Since taking over as the Chief Justice on May 12, 2010, Kapadia has worked tirelessly to restore the diminishing dignity and credibility of the Supreme Court as the final forum for justice seekers. With a single stroke of the pen, he stopped reckless mining in Bellary. He disqualified the crucial appointment of Central Vigilance Commissioner (CVC) reminding the prime minister and his government that processes must stand the test of integrity. In the Vodafone case, Kapadia pointed out that laws are not open to unduly liberal interpretations. A corporate lawyer said that the Vodafone judgement reinforced to the world the independence of the country’s judiciary.
In a few days a Constitution Bench headed by Kapadia will decide on the Presidential Reference made to it after the SC quashed 122 telecom licences and asked the government to conduct auctions to allocate natural resources.
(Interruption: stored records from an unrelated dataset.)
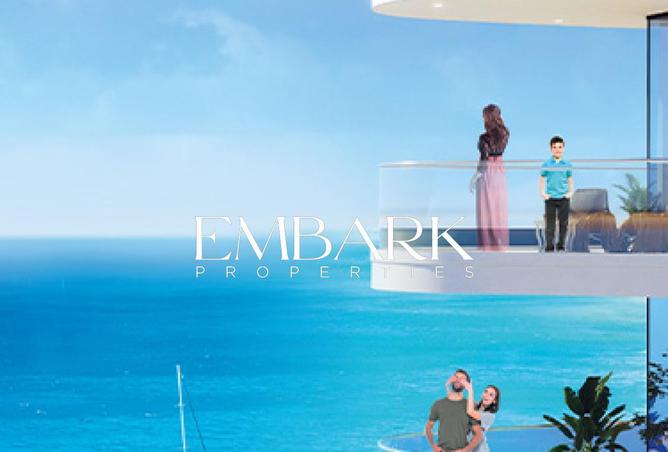 64035515 - Property Image 2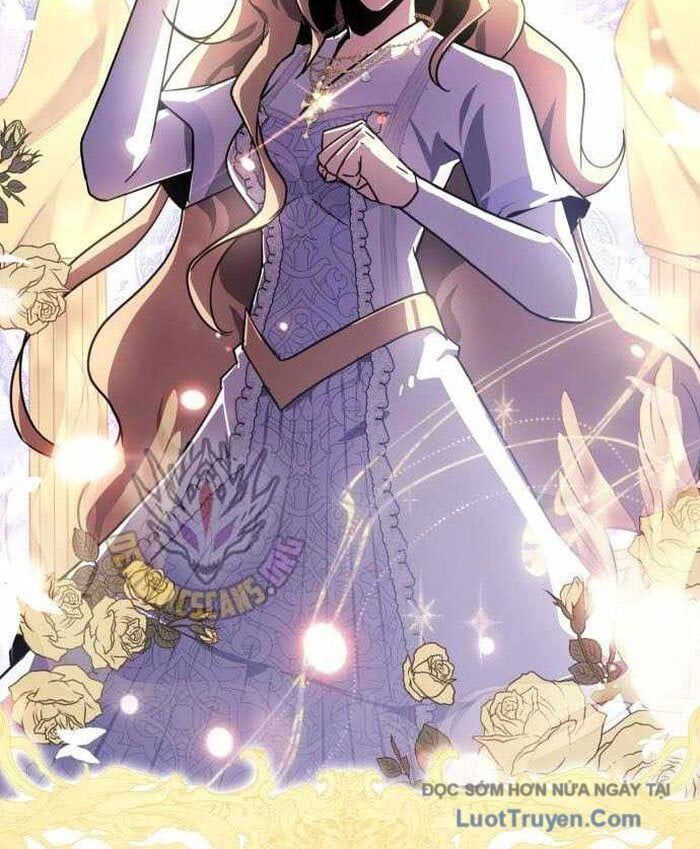 Pháp Sư Thiên Tài Phá Vỡ Giới Hạn - Chapter 29 - Page 129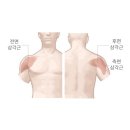 반송동055 이미지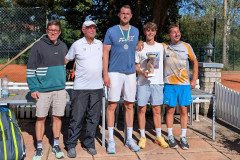 Herren-A-II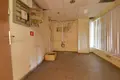 Propriété commerciale 1 092 m² à Varsovie, Pologne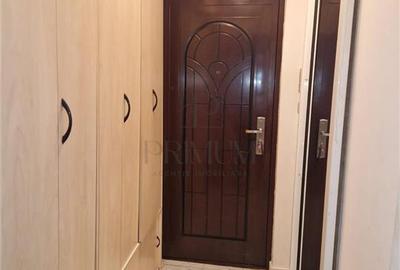 Apartament cu 2 camere semidecomandat, mobilat în Dacia - 6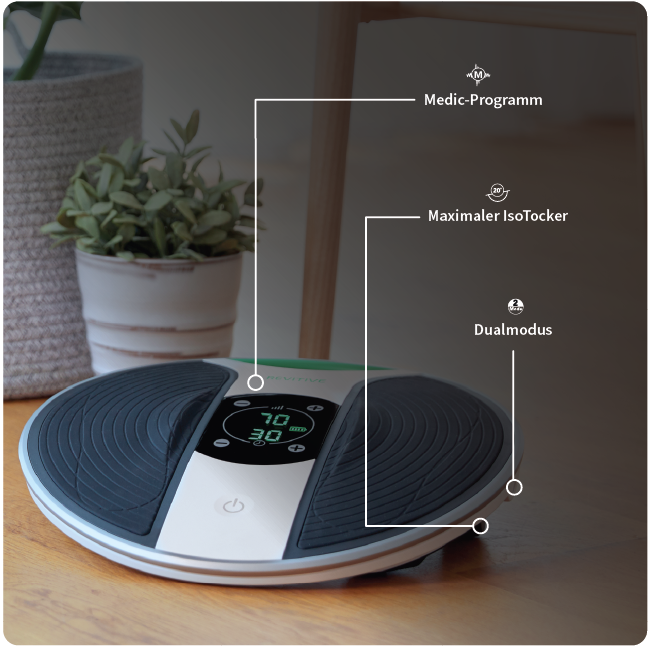 DE Medic Bundle- Image 8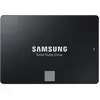 Image de Samsung 870 EVO SATA 2,5'' 250 Go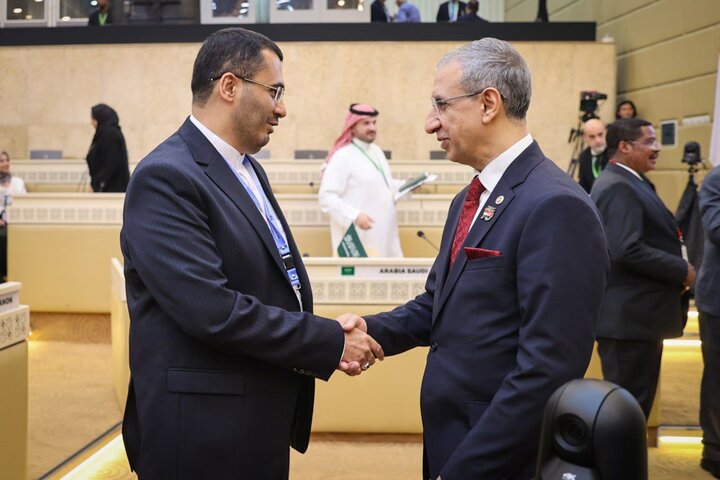 اجلاس نوزدهم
He is also expected to frame guidelines for the media on reporting on matters that are being heard in court.
Chief Justice Kapadia will be remembered for some of the landmark judgements he delivered. And the way he lived as a judge will never be forgotten. It can only be called exemplary. In a now famous and widely quoted letter that he wrote to former Justice VR Krishna Iyer, Kapadia said: “I come from a poor family. I started my career as a class IV employee and the only asset I possess is integrity...’’
The destiny of Sarosh Homi Kapadia was uncertain when he was born on September 29, 1947 in a nation that came into existence barely six weeks before him. Not many people in the world who watched the birth of India gave it a chance as a democracy. The odds were stacked against Kapadia at birth because unlike the illustrious Parsis of Bombay, his father had grown up in a Surat orphanage and had worked as a lowly defense clerk. His mother Katy was a homemaker. The family could barely make ends meet but that did not weaken their robust values.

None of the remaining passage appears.